Wednesday, May 16, 2007

Tony Lays Waste

Three more Sopranos episodes left. There is amazing commentary from Matt Zoller Seitz and Alan Sepinwall, and their cadre of posters. The water looks so fine and interesting, I’m jumping into the exegesis pool myself for the end of this historic, unsettling television creation.

*****

It must be fun to be David Chase, and get to make very skilled wordplay that crosses aural to visual and back again. A 60-second reference to one of the demigods of English poetry in “Kennedy and Heidi” not only brings layers and layers of ideas to a TV show, it give us a reason to remember what distinguishes a Petrarchan (Italian) sonnet: the ABBAABBA of the opening octet, followed by CDCDCD of the sestet, with a proposition, and then a turn.

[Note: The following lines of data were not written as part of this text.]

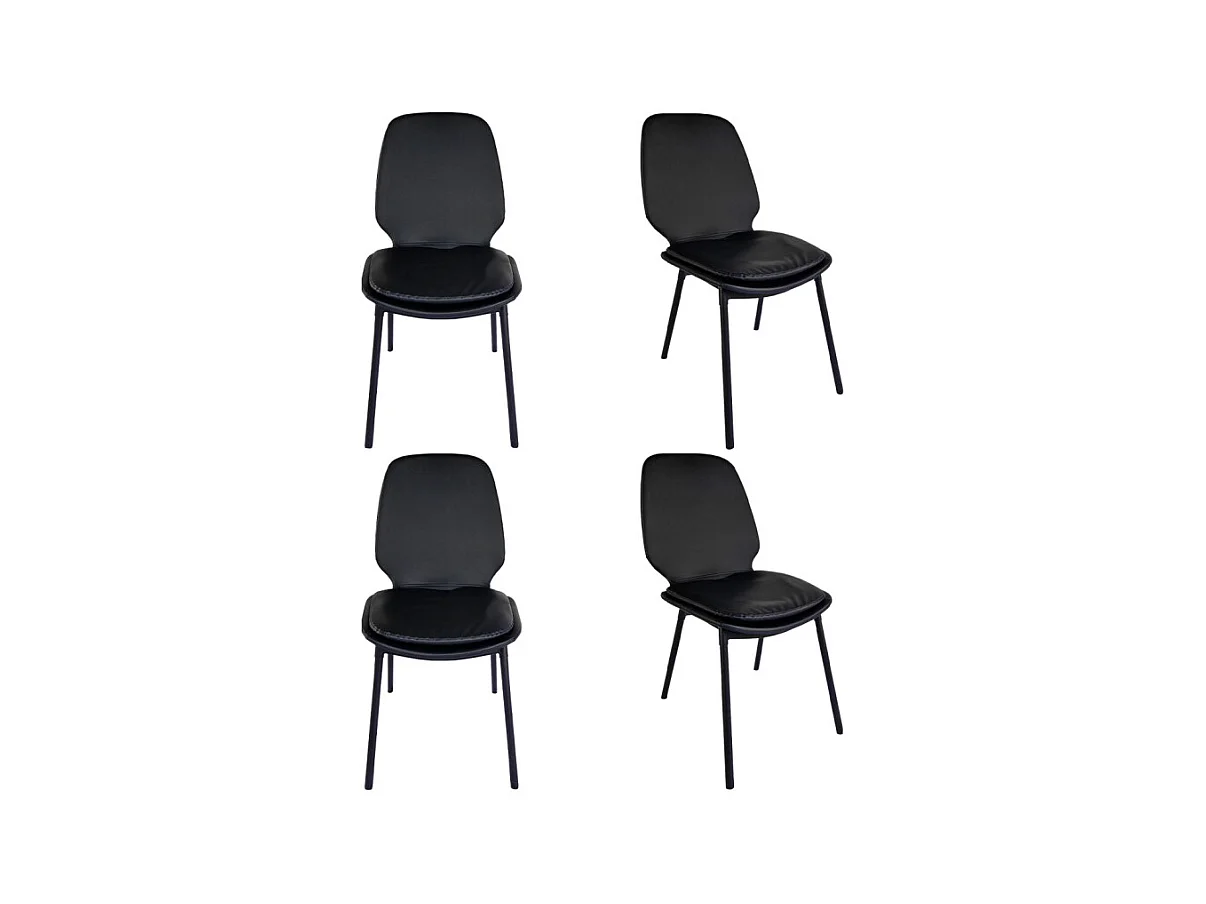 Lot de 4 chaises en simili noir pieds métal noir - RUZAN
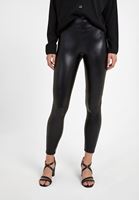 Bayan Siyah Yüksek Bel Parlak Tayt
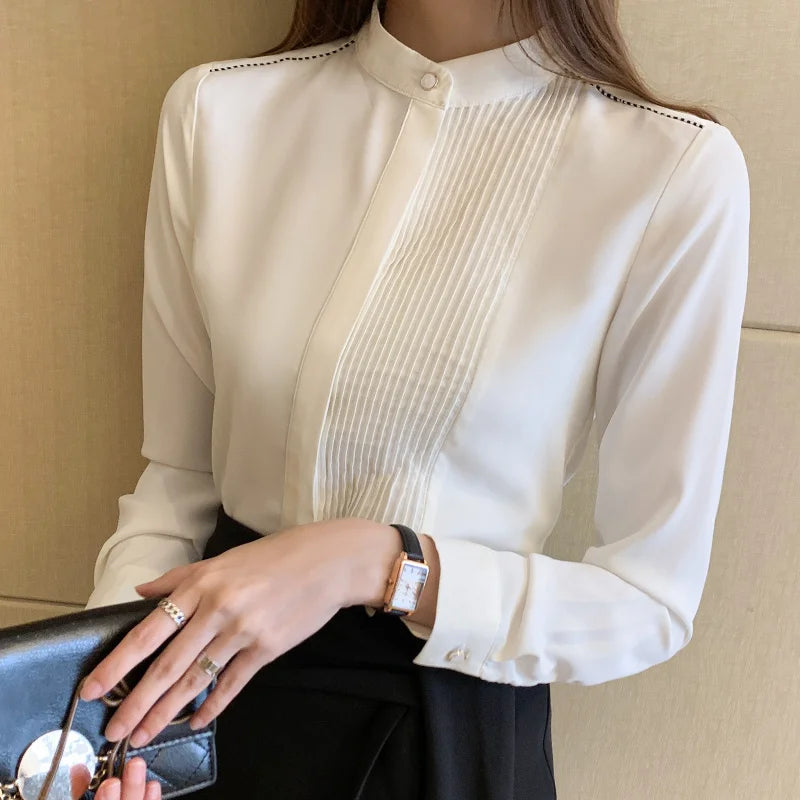 Women's Elegant Long Sleeve Chiffon Blouse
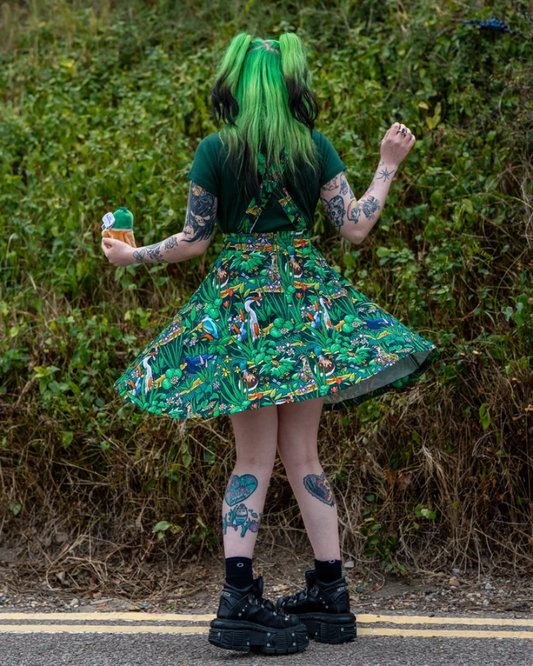 Pond Birds Flared Pinafore Dress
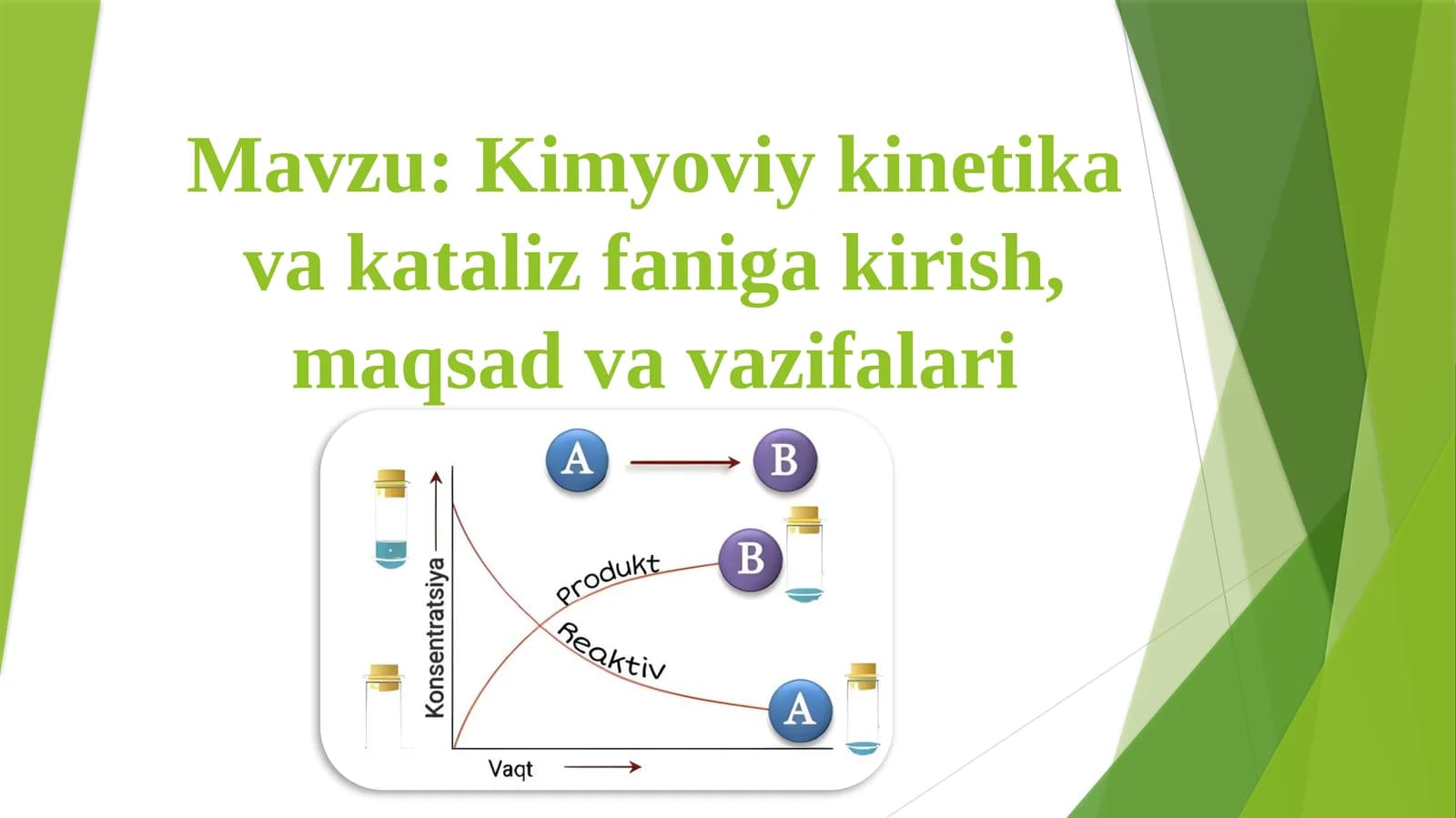 Kimyoviy kinetika va kataliz faniga kirish, maqsad va vazifalari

The poem being discussed in the class AJ is auditing is Wordsworth:

The world is too much with us; late and soon,
Getting and spending, we lay waste our powers;
Little we see in Nature that is ours;
We have given our hearts away, a sordid boon!
This Sea that bares her bosom to the moon,
The winds that will be howling at all hours,
And are up-gathered now like sleeping flowers,
For this, for everything, we are out of tune;
It moves us not.--Great God! I'd rather be
A Pagan suckled in a creed outworn;
So might I, standing on this pleasant lea,
Have glimpses that would make me less forlorn;
Have sight of Proteus rising from the sea;
Or hear old Triton blow his wreathed horn.


Why is this one small piece of the whole so perfect?

"We lay waste our powers"
Tony is dumping asbestos waste into beautiful marsh land, and he ends up wasted on peyote.

“Little we see in Nature that is ours”
Tony started the series attracted to the ducks, but they represented a decency and goodness that were completely beyond his reach from the minute we met him

“For this, for everything, we are out of tune”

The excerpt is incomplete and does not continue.